Vem da montagem, como ficou claro, grande parte da força do filme. No início, com cortes rápidos, assemelha-se a um thriller de espionagem. À medida em que surge a paixão entre os dois protagonistas, o ritmo torna-se cadenciado, para tornar-se rápido novamente pouco antes do trágico desfecho. A sucessão de planos nunca é negligenciada, pelo contrário, é o que dá ao filme vigor e jovialidade (Chahine tem mais de setenta anos, mas como Manoel de Oliveira, adora uma molecagem), principalmente pelo que tem de imprevisível. Outro exemplo da pontuação desnorteadora de Chahine, que dá saltos ousados na narrativa, obedecendo claramente uma força maior (como dito acima, a força da sucessão de imagens): à primeira noite de amor do casal, sucede-se o casamento deles, à maneira muçulmana, no meio do deserto e debaixo de chuva, em uma cerimônia que comprova o talento do diretor ao trabalhar o espaço cênico. O primeiro plano terminava com Adam observando Hanane enquanto ela dorme, o plano seguinte inicia-se nas mãos dos dois, unidas, com a câmera abrindo para mostrar a cerimônia com todos os seus participantes e o belíssimo cenário natural.

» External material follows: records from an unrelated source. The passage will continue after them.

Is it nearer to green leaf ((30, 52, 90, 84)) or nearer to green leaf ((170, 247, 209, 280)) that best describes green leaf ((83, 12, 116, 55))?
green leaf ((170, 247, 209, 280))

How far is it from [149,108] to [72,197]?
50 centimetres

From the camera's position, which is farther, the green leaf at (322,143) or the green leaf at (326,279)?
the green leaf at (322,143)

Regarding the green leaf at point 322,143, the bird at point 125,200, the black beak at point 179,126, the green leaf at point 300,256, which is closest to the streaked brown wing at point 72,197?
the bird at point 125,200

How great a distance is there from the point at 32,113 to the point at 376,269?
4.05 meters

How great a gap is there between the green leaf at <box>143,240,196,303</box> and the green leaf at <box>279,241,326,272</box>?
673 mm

Sua mise-en-scène é espalhafatosa e elegante ao mesmo tempo. Surpreende pela ausência de naturalismo, ao mesmo tempo que encanta pela destreza nos enquadramentos e movimentos de câmera. No segundo casamento do casal, no qual a cerimônia cristã é tomada de forma arrebatadora pela música muçulmana, a câmera move-se com tal elegância que não é difícil lembrar-se de Satyajit Ray. Principalmente por um sublime "zoom out" que parte da mãe de Adam chorando, abrindo para um plano geral dos que estão mais próximos ao casal, incluindo este. Descritivo, contemplativo, o plano expõe com perfeição a intriga que estava surgindo, e que depois esfacelaria os sonhos de vários personagens.

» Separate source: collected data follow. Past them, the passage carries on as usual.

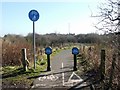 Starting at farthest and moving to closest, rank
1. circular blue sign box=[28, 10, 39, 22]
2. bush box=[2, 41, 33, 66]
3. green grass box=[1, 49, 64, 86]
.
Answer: bush box=[2, 41, 33, 66]
circular blue sign box=[28, 10, 39, 22]
green grass box=[1, 49, 64, 86]

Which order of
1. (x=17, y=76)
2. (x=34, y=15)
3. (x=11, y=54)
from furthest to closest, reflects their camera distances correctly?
(x=11, y=54) → (x=34, y=15) → (x=17, y=76)

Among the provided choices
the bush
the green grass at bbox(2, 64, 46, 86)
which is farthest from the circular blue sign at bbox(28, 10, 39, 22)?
the green grass at bbox(2, 64, 46, 86)

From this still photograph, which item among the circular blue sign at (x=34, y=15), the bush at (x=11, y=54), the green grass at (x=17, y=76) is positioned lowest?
the green grass at (x=17, y=76)

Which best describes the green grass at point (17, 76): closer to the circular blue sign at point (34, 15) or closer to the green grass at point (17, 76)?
the green grass at point (17, 76)

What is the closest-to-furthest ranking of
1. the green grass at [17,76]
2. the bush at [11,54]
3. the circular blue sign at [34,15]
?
the green grass at [17,76]
the circular blue sign at [34,15]
the bush at [11,54]

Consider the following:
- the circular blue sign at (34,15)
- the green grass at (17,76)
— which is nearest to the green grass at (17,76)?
the green grass at (17,76)

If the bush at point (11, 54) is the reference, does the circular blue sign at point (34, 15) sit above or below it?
above

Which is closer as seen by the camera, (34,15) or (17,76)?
(17,76)

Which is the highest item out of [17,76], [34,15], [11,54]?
[34,15]

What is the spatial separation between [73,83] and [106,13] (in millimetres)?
4539

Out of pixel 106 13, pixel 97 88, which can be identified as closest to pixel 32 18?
pixel 97 88

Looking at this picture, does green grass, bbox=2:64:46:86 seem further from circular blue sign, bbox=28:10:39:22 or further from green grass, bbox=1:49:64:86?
circular blue sign, bbox=28:10:39:22

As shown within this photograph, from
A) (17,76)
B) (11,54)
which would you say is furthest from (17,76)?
(11,54)

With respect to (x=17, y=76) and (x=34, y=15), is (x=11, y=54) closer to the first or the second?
(x=34, y=15) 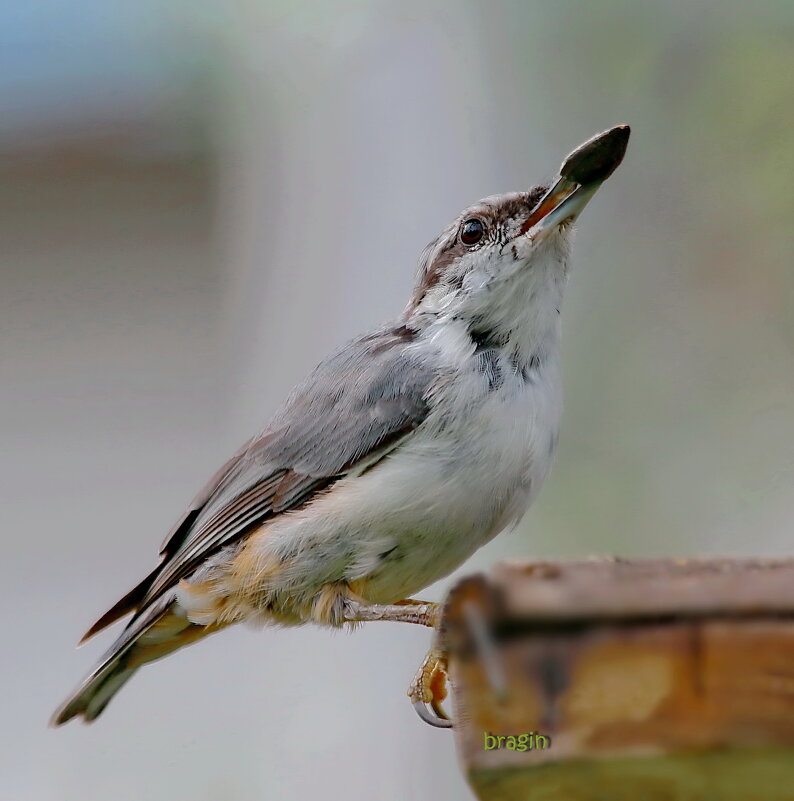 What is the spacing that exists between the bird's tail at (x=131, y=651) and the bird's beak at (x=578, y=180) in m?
1.49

Um outro momento digno de nota é o encontro da mãe de Adam com o irmão terrorista de Hanane, por realidade virtual, na torre Eiffel, encontro que trará consequências desastrosas para ambos. Tradição e modernidade no mesmo plano. Lembrem-se que o fundamentalista está orando a Alá quando ouve uma mensagem em seu computador. Para a trama, a conexão virtual pouco importa, mas a sensação de estranhamento pretendida por Chahine, na conjugação do mais arcaico com as últimas tecnologias (o filme foi feito em 1999), é atingida plenamente.

O final trágico tem uma força política inegável. Ao degolar o sonho humanista do filho (único ser humano que importa para ela), resta à mãe vagar pelas pontes americanas à procura de um sentido para sua ganância. Poucas vezes um filme pôde ser tão revolucionário sendo tão sutil.